While it’s nice to unwind with a long soak in the hot tub, the soothing water may not be as healthy for you as you believe. Hot water can potentially dry out skin, making it unpleasant and irritable — and if you have a skin disease like psoriasis or eczema, the dryness is exacerbated. But you don’t have to give up hot tubs forever. You can avoid dryness and keep your skin soft and supple by caring for your body before and after each usage.
To avoid skin dryness or burning, place a thermometer in the hot tub’s water and set the temperature to around 100 degrees Fahrenheit. Temperatures of 104 degrees Fahrenheit or higher are considered excessively hot. Use a thermometer to ensure accuracy because the thermostat reading may not be accurate.
Try to spend no more than 10 to 15 minutes in the hot tub. Your skin is more likely to dry out if you soak for extended periods of time.
As soon as you get out of the hot tub, remove your swimming suit and take a warm shower to wash away the chlorine.

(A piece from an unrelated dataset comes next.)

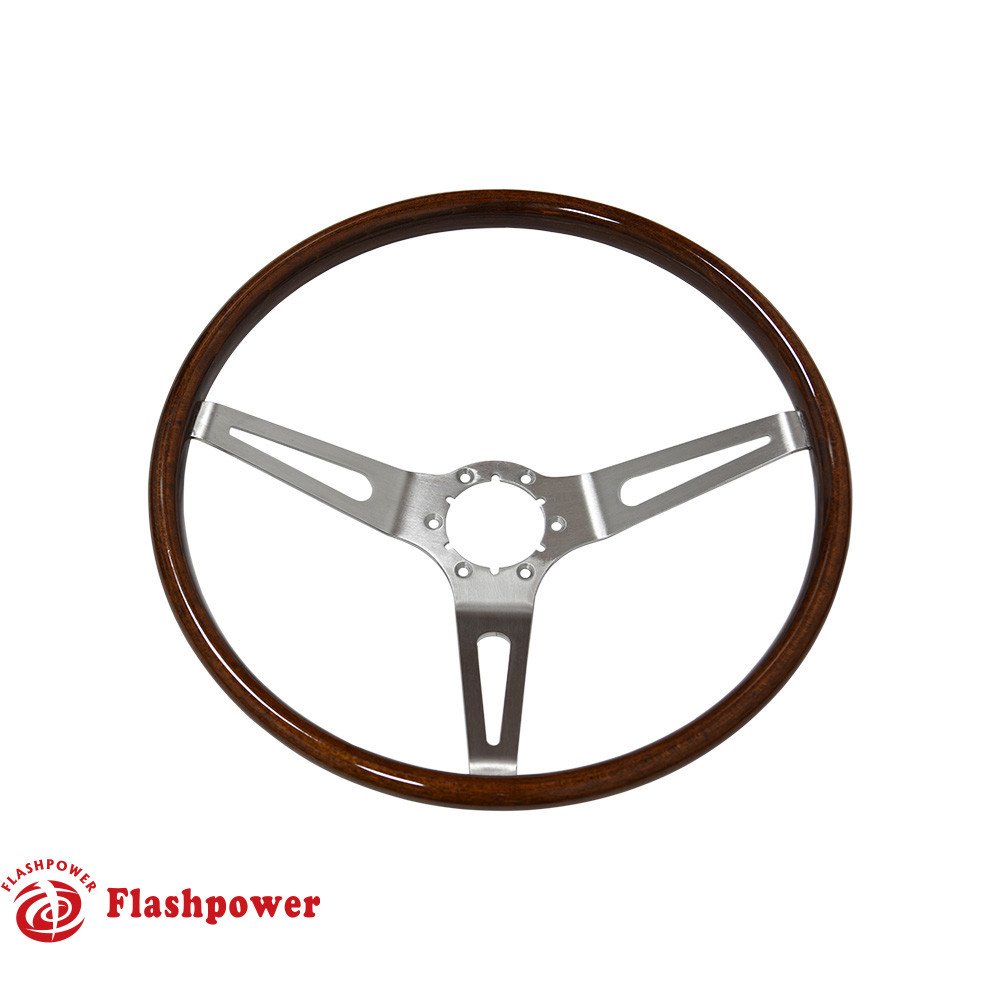 Flashpower GM Classic Wood Steering Wheel Original Restoration Muscle Car 15''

For best results, use a chlorine-removing soap and shampoo. These items can be easily found in local drugstores or beauty supply stores and even on Amazon. Chlorine irritates and dries out the skin.
After you get out of the shower, pat your skin dry with a clean towel. Avoid rubbing your skin with the towel; this can irritate it.
After showering, apply a high-quality moisturizer or lotion while your skin is still damp. The wetness aids in the retention of moisture in your skin. Glycerin, panthenol, and lactic acid are all good moisturizers to use.